**What is being asked**
In the material below, begin at the line that has "Teen amateur puts on make up", stop after the line that has "CALÇA COM VINCOS DE ALFAIATARIA - PRETO", and transcribe those lines exactly, without pictures.

**Exercise data**
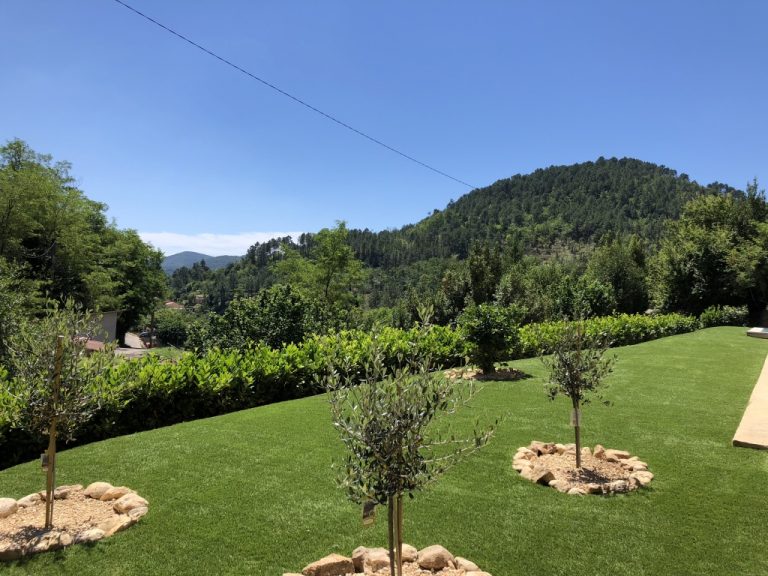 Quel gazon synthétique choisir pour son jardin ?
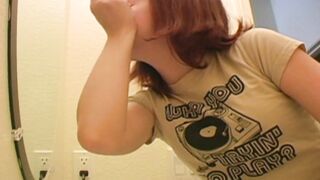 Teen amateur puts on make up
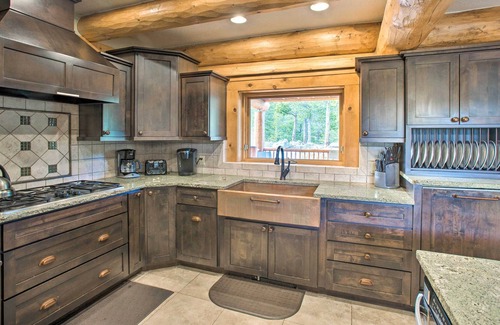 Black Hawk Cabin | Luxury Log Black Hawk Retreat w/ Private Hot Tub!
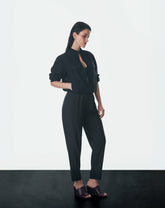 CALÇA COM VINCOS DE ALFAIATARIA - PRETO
--
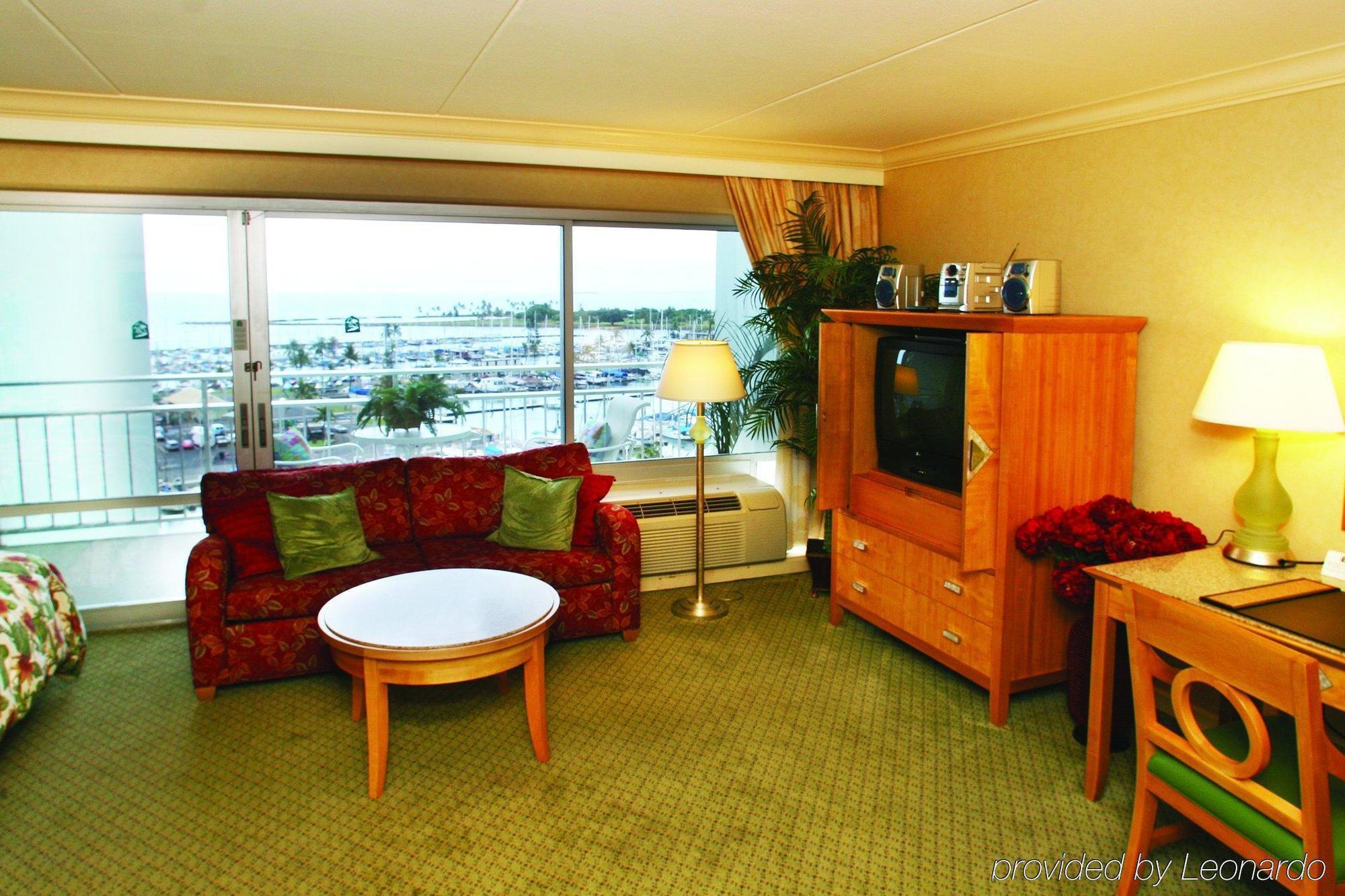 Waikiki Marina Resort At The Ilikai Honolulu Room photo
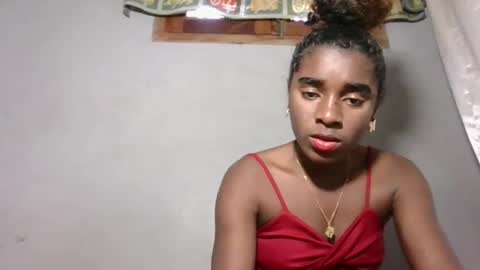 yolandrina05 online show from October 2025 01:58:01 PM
--
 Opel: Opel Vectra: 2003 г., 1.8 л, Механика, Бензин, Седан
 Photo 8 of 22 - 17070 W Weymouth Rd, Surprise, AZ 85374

**Response to the exercise**
 Teen amateur puts on make up
 Black Hawk Cabin | Luxury Log Black Hawk Retreat w/ Private Hot Tub!
 CALÇA COM VINCOS DE ALFAIATARIA - PRETO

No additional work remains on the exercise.